Language question: 1983 was the year when "multiple times" replaced "several times"

I just noticed a change in the English language: the use of the word “multiple”.
A couple decades ago, people would say “I’ve gone to Disneyland several times”
Nowadays, they say “I’ve been there multiple times”.

So I checked on Google ngrams.
The graph shows that in 1983, there is a very, very sharp rise in the use of the phrase “multiple times”

For comparison:
the graph of the phrase “several times” shows a steady decline in use, starting in 1985.

(Also, the phrase “many times” also shows a decline in use starting in 1972. )

So , my fellow Dopers, we have some profound issues to discuss:

  1. What the hell happened in 1983?
  2. In your personal conversations , which phrase do you use?

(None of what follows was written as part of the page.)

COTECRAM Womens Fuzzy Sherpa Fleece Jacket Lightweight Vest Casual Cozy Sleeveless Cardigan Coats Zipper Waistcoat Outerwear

(The circumstances of my discovery of this critical issue: I recently spoke with a relative about how many times we spent the holidays at grandma’s house when we were kids. We both blurted out at the same moment–He said “multiple times”, I said “several times”. ) We are both the same age (late 60’s).

When and why did the vocabulary change? And has your vocabulary changed, too?

(mods: please correct the thread title…remove theduplicate words “in the year1983”)

Language Log has some theories:

Language Log » Multiple .

Logically, the secular trend towards increasing multiple usage could have one or more of several causes:

  1. Whatever multiple refers to in general (call it “multiplicity”) is something that people are increasingly interested in talking and writing about;

  2. People are becoming more academic, formal or pretentious in their speech and writing;

  3. The academic or formal character of the word multiple is gradually being bleached away, so that people tend to use it in a wider range of contexts;

  4. The effective meaning of multiple in general usage is gradually shifting, so that it takes up more and more “mouth space” from alternatives like many, several, or numerous.

  5. Memetic drift (i.e. fashion) is increasing the frequency of multiple for no particular reason;

  6. Multi-word terms involving multiple have been invented and/or have increased in frequency.

Number 1 (increasing interest in multiplicity) seems unlikely, and number 2 (increasing formality) is clearly false. So we’re left with number 3 (bleaching of register), number 4 (shifting connotation), and number 5 (memetic drift), which in cases like this can plausibly be seen as three different aspects of the same process; and number 6 (terminology), which is certainly true (e.g. multiple integral (1841), multiple sclerosis (1877), multiple personality (1886), multiple myeloma (1897), multiple regression (1908), multiple choice (1915), multiple exposure (1916) multiple intelligences (1983), etc.)

Ahhh, they’re 1983-style “Death Rays”.

I don’t know about the trend, but personally, I use “multiple” when I want to emphasize the fact that it’s more than once, and “several” when it’s around 3-7 times, but sometimes higher. If all that matters is that it’s more than once, I say “multiple” when it’s small. if it’s 2-4 times, I sometimes say the exact number.

Somewhere over 7 times, I say neither “multiple” nor “several” but “many.”

Fixed.

Next time, please flag the post. We don’t read every thread and might not see it.

There’s something weird about the way ngrams handles quote characters. The default example they give (Albert Einstein,Sherlock Holmes,Frankenstein) doesn’t use any quotes. If I remove the quotes from your tests, they show a very different pattern; multiple times does increase dramatically but doesn’t have the dip in 2013 that your graph shows, but several times also shows an increase, not a decrease during that same period. Plotting them together shows both increasing, but several remains much more common than multiple.

yeah, it’s weird that your results are different than mine.

When I first tried “multiple times”, ngrams corrected me and automatically changed it to " multiple times " (adding spaces between the " and the words).
Ngrams said this was done “in order to match how we processed the books”.

I’d argue they have different meanings. Several times means more than twice, multiple times means more than once.